Government Told Primary Schools In Debt

Representatives of Ireland’s primary schools have made a desperate plea for more funding.

Monsignor Dan O’Connor will present an agreed statement from the Catholic Primary School Management Association to ministers in a special meeting with members of the joint Oireachtas committee on education.

The school association has grown deeply concerned as the gap between Government grants and the real cost of running primary schools widens dramatically.

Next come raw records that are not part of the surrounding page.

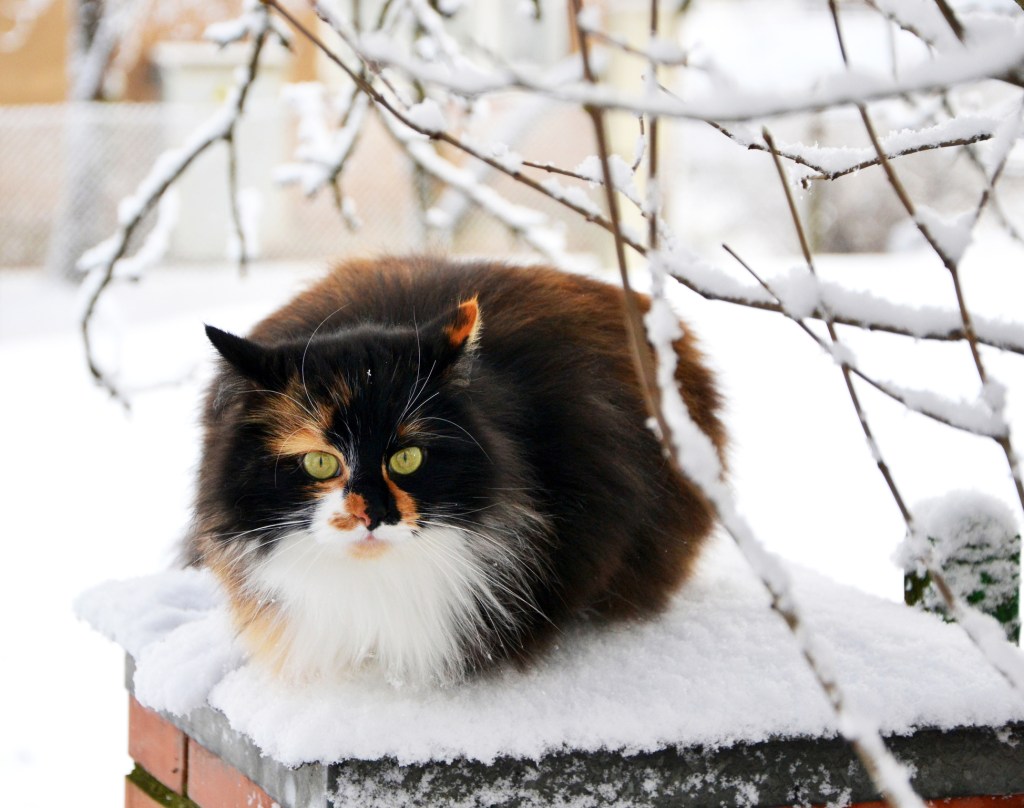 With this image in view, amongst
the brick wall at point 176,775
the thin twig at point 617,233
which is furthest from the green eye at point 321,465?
the thin twig at point 617,233

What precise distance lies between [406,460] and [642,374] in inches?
27.1

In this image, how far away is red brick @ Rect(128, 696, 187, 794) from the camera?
1.87 meters

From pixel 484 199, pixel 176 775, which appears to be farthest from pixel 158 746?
pixel 484 199

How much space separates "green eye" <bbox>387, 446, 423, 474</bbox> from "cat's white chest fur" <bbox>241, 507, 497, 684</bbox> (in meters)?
0.08

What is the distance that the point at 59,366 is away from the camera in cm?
752

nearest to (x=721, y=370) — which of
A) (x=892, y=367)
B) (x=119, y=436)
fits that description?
(x=892, y=367)

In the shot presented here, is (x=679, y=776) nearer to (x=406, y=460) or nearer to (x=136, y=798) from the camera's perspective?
(x=406, y=460)

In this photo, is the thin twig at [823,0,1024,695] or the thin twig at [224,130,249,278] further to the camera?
the thin twig at [224,130,249,278]

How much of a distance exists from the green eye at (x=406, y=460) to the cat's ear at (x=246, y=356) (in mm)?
207

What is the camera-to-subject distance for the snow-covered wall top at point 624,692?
1450 millimetres

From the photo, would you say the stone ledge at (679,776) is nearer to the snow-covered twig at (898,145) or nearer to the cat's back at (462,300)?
the cat's back at (462,300)

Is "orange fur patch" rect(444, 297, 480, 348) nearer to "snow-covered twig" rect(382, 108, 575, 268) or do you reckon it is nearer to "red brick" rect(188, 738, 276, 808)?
"red brick" rect(188, 738, 276, 808)

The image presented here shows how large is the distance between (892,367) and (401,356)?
508 cm

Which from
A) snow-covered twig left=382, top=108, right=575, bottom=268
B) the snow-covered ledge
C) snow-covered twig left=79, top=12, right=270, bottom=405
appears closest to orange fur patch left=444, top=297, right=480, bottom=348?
the snow-covered ledge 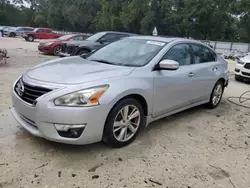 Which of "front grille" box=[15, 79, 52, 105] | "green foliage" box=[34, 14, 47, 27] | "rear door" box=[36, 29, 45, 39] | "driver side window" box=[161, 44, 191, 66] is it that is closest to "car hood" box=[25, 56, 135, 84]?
"front grille" box=[15, 79, 52, 105]

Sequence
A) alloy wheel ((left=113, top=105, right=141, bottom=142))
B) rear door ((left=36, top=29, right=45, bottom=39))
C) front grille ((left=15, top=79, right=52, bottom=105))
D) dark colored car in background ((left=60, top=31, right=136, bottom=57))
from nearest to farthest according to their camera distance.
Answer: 1. front grille ((left=15, top=79, right=52, bottom=105))
2. alloy wheel ((left=113, top=105, right=141, bottom=142))
3. dark colored car in background ((left=60, top=31, right=136, bottom=57))
4. rear door ((left=36, top=29, right=45, bottom=39))

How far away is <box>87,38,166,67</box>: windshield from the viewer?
3598 millimetres

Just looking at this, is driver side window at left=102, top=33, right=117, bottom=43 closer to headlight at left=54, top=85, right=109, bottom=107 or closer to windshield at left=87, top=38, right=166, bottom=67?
windshield at left=87, top=38, right=166, bottom=67

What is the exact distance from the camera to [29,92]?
2906mm

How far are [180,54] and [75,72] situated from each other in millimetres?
1843

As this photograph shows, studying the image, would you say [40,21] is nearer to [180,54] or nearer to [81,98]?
[180,54]

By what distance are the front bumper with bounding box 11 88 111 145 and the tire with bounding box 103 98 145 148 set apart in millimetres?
99

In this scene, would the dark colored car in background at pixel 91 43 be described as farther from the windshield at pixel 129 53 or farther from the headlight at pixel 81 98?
the headlight at pixel 81 98

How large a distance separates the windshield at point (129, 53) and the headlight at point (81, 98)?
35.6 inches

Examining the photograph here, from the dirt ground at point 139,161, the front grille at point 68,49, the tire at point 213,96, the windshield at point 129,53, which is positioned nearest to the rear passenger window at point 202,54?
the tire at point 213,96

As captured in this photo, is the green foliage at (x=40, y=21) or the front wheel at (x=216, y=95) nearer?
the front wheel at (x=216, y=95)

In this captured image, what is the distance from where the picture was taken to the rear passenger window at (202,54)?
4451 mm

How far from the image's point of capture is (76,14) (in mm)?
56406

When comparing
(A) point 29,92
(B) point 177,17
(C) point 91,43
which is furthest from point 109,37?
(B) point 177,17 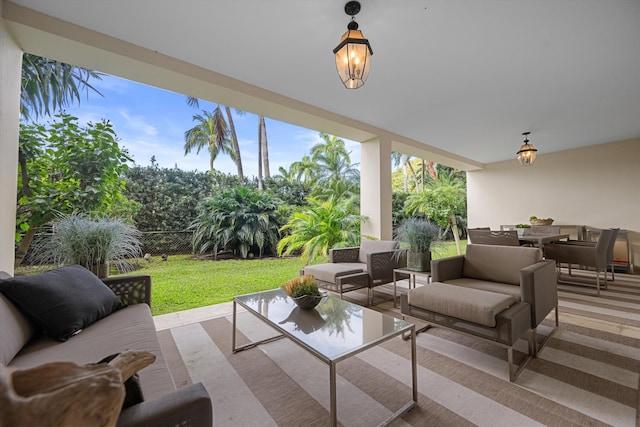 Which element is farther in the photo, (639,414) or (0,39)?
(0,39)

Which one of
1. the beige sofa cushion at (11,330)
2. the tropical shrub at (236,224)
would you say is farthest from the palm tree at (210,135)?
the beige sofa cushion at (11,330)

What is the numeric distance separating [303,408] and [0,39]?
3.31 metres

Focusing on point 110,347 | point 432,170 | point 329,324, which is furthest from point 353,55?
point 432,170

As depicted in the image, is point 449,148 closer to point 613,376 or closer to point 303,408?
point 613,376

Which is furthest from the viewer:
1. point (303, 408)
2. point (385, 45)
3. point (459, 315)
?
point (385, 45)

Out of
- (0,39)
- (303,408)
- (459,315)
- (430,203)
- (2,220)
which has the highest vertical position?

The statement says that for a modern democratic state which claims to be one of the most prosperous in Europe and to be a proponent of a 'knowledge economy' it is completely unacceptable that schools have to resort to cake sales, coffee mornings, super-market bag-packing, sponsored runs, race nights, dream auctions, summer fetes, lotteries and draws, sponsored barn-dances, Christmas bazaars, treasure hunts, spellathons, quiz nights, parental 'voluntary' contributions, loose change collections, uniform-free days, church-gate collections, fashion-shows, and many other local fund-raising activities just to keep schools afloat.

According to the statement: "An increasing number of schools are running in a deficit situation and cannot balance their books."

It shows that even schools, which fall under the Department of Education’s disadvantaged scheme, are in deep trouble and deep debt. Audited accounts for three such schools in Dublin show debts of €21,162 in the first school; €50,259 in the second and a massive €77,876 in the third.

The statement also criticises the government’s budgetary proposal of a €16 per child grant.

The statement says: "The fact that it was almost immediately reduced by a water charge of €3.50 means that schools will receive only €12.50 in the current year. Estimates indicate that an increase of €160 - €175 per child - will be necessary to keep schools properly resourced this year.”